No acknowledgement found.

References

[1] St Louis EK, Boeve BF. REM Sleep Behavior Disorder: Diagnosis, Clinical Implications, and Future Directions. Mayo Clin Proc. 2017. 92(11): 1723-1736.

[2] Li C, Huang B, Zhang R, et al. Impaired topological architecture of brain structural networks in idiopathic Parkinson's disease: a DTI study. Brain Imaging Behav. 2017. 11(1): 113-128.

[3] Nigro S, Riccelli R, Passamonti L, et al. Characterizing structural neural networks in de novo Parkinson disease patients using diffusion tensor imaging. Hum Brain Mapp. 2016. 37(12): 4500-4510.

[4] Furl N, Averbeck BB. Parietal cortex and insula relate to evidence seeking relevant to reward-related decisions. J Neurosci. 2011. 31(48): 17572-82.

[5] Herlin B, Navarro V, Dupont S. The temporal pole: From anatomy to function-A literature appraisal. J Chem Neuroanat. 2021. 113: 101925.

[6] Valli M, Cho SS, Masellis M, et al. Extra-striatal dopamine in Parkinson's disease with rapid eye movement sleep behavior disorder. J Neurosci Res. 2021. 99(4): 1177-1187.

Figures

FIG. 1 One-way ANCOVA of global parameters among the three groups. Significant differences in global parameters of the structural network were detected among the three groups, performed by one-way ANCOVA, adjusting for age, gender, and education years. p < 0.05 was set as significant. Afterward, a two-sample t-test was employed to explore further differences. **Post hoc tests were corrected by Bonferroni correction with a significant different p < 0.017 (0.05/3). Eg., global efficiency; Lp, shortest path length; s, small-world index.

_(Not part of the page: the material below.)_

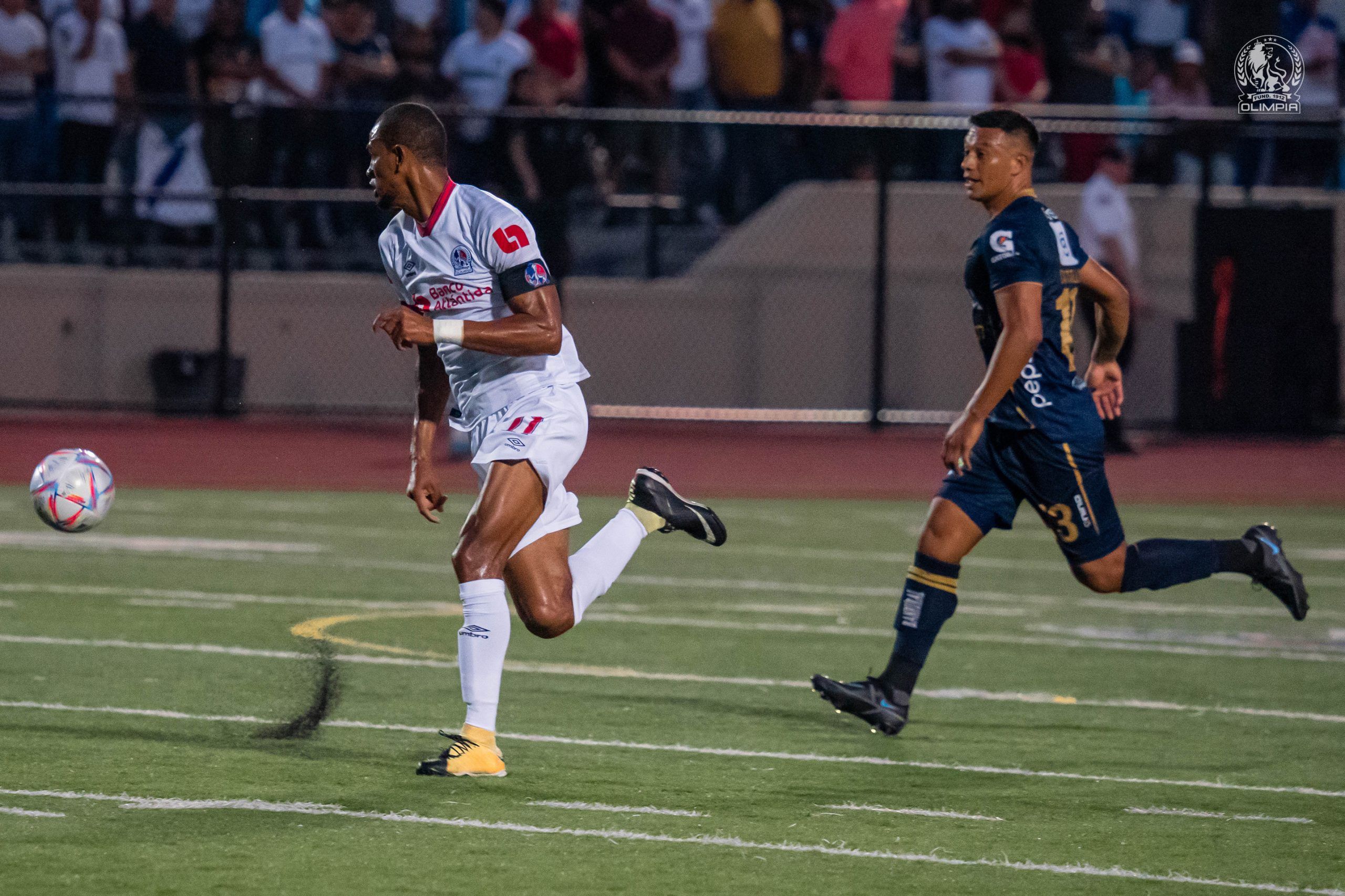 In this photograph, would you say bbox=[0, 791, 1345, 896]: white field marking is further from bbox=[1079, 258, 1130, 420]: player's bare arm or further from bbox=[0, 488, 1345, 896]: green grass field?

FIG.2 The distribution of brain regions with significant differences in nodal efficiency in HC, PD-npRBD, and PD-pRBD groups. The size of the node reflects the value of the nodal efficiency. Different colors indicate a functional classification of brain regions: red, primary, purple, association, blue, paralimbic, green-limbic; yellow, subcortical. The abbreviations of the 90 brain regions are given in Supplementary Materials (Online Resource). L, left hemisphere; R, right hemisphere.

FIG.3 The association was explored by multiple linear regression. p < 0.05 was set as significant. RBDSQ scores were positively associated with Ne of the right insula (r = 0.260, p = 0.025) (A), and Ne of the left middle frontal gyrus (r = 0.299, p = 0.009) (B). Ne, nodal efficiency; RBDSQ, rapid eye movement sleep behavior disorder screening questionnaire.